The Phillies have been searching for another left-handed reliever since spring training. It took them four months, but it appears they have finally found one.
Scott Eyre, designated for assignment by the Cubs earlier this week, is the man.
The Phillies will need to make a roster move once he arrives, meaning it is possible that lefty J.A. Happ, a starter turned reliever, could be on his way back up the Northeast Extension.
Here's the press release from the team:
Left-hander Scott Eyre was acquired by the Phillies from the Chicago Cubs in exchange for minor league right-hander Brian Schlitter, Senior Vice President & General Manager Pat Gillick announced today.
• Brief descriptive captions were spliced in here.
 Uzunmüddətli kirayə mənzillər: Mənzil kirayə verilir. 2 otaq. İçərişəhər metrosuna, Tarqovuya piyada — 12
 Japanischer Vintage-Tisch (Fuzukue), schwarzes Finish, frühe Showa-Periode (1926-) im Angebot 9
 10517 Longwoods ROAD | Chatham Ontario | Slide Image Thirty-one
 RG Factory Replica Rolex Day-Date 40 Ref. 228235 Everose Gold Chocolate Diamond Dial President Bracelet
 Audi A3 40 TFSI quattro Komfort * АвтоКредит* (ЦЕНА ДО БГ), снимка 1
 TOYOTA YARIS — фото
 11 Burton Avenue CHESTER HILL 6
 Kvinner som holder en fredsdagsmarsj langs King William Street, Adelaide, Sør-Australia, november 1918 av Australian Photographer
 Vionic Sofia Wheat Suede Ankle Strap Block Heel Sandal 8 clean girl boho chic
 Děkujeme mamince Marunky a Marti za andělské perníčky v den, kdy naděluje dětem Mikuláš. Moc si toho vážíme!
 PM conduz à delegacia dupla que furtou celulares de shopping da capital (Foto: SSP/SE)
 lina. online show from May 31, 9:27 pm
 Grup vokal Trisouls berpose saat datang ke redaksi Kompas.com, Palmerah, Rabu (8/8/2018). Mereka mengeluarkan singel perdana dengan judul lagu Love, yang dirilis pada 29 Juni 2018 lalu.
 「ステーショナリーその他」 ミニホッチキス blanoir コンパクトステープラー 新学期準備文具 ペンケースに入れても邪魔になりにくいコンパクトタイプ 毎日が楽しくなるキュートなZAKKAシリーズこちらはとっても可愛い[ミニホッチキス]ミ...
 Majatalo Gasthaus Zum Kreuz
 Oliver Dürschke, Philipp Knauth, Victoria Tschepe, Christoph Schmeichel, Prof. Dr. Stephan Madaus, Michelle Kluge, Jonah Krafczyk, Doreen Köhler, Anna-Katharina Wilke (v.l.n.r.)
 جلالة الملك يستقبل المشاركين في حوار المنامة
Eyre, 36, had appeared in only 19 games for the Cubs this season due to two separate stints on the disabled list for left elbow inflammation and a strained left groin. He was 2-0 with a 7.15 ERA with 14 strikeouts in 11.1 innings (11.1 SO/9.0 IP). His first 14 appearances of the season were scoreless (9.0 IP). Against the National League this season, Eyre is 2-0 with a 3.24 ERA in 14 games. Six of the nine earned runs he has allowed this year have come against American League teams.
Eyre has held left-handed hitters to a .259 (7-27) average this season and .244 (214-877) for his career. He has pitched 1.0 scoreless inning against the NL East Division this season in two games. Over the last five seasons (2004-08), Eyre has appeared in 317 games, the fourth-highest total among major league left-handed pitchers. Fellow Phillie J.C. Romero is first on the list (336).
Originally selected by Texas in the ninth round of the 1991 draft, Eyre went 23-29 with four saves and a 4.42 ERA in 556 games (32 starts) for the White Sox (1997-2000), Blue Jays (2001-02), Giants (2002-05) and Cubs (2006-08). In his last four seasons (2005-08), he has 197 strikeouts in 193.1 innings (9.2 SO/9.0 IP).
Schlitter was 4-3 with six saves and a 2.22 ERA in 34 games for single-A Clearwater. He had 58 strikeouts in 48.2 innings. He was a 16th round selection by the Phillies in the 2007 draft.